Just because the option has been crafted doesn’t mean that a sale will happen.
In general, under a put and call agreement, there are two components: the “put” option, where the seller — in this case, GM, through Riverfront Holdings — can make the buyer — Bedrock, through its Resurgence Realty — purchase the properties spelled out in the document; and the call option, where Bedrock can make GM sell the properties.
If Bedrock’s option lapses, GM can require Bedrock to buy it, or the agreement can lapse entirely with no sale taking place.
There is sometimes a hard-money deposit by the prospective buyer that goes to the seller if a deal doesn’t take place, but whether there is one in this instance is not known. The notice says the agreement is valid until the property is sold, or the agreement is terminated.
Barry Swatsenbarg, an executive vice president in the Royal Oak office of the Colliers International Inc. brokerage house, said option agreements like the Bedrock/GM one can take a lot of different forms. For example, a tenant could negotiate an option to buy a building it occupies if it expands to a certain size.
“When you get to larger deals, I think actual put-call options probably get more common and, quite frankly, the Midwest doesn’t see $100 million-plus deals often. You see it in more major markets,” Swatsenbarg said.

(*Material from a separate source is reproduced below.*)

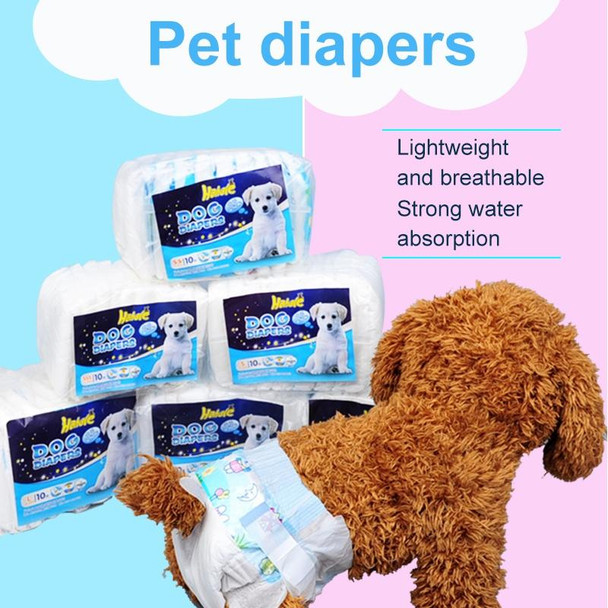 2 Packs/20 Pcs Pet Diapers - Dogs Pet Physiological Pants, Random Color Delivery, Size:S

“You have two big entities in that deal, with Bedrock trying to buy and GM trying to sell. They both want to protect their rights with an option contract of this size,” Swatsenbarg said.
This is at least the second time Gilbert and GM have been involved in conversations about the billionaire mortgage and real estate mogul purchasing the iconic but struggling office, hotel and retail complex built in the 1970s and 1980s on the Detroit River.
There had also been discussions in 2018, but a deal was never forged. Sources at the time to Crain’s that those talks did not advance far because the complex required substantial upgrades, including major overhaul of the HVAC system.
In April, when the GM/Hudson’s Detroit deal was announced, CEO Mary Barra, in response to reporters’ questions about potentially selling the RenCen, said the automaker is “working to decide what the right outcome is for the building.”
“We are embarking on taking the next year to work together with the mayor, Wayne County and Bedrock to imagine what it can be,” Barra said in April.
Construction of the complex was announced in 1971, as the city was still reeling from the July 1967 uprising that resulted in 43 dead, thousands of arrests and hundreds of buildings destroyed.
Built on a gigantic swath of Detroit riverfront land, it is essentially cut off from the rest of downtown by a 10-lane boulevard and surrounded by little else comparable on that side of Jefferson Avenue.
GM says it has pumped $1 billion into improving the RenCen and the Detroit RiverWalk over the years since it took ownership in the mid-1990s with its $73 million acquisition. Although the improvements, including the wildly popular RiverWalk, have changed that to an extent, the location still has taken its toll.
The automaker’s pending departure in 2025 will serve as another blow to the towers, which have experienced occupancy challenges for years — a problem exacerbated by the COVID-19 pandemic that sent millions of office workers home and has caused upheaval in the office market with ripple effects still being felt today.
In April, Bedrock and GM said they would embark on a roughly year-long process to determine the RenCen’s fate. It could be repurposed with other uses, or some of the buildings — or all of them — could be demolished.
Others at the table for those discussions include representatives from the city and county, which had been approached about potentially relocating its employees into a portion of the complex.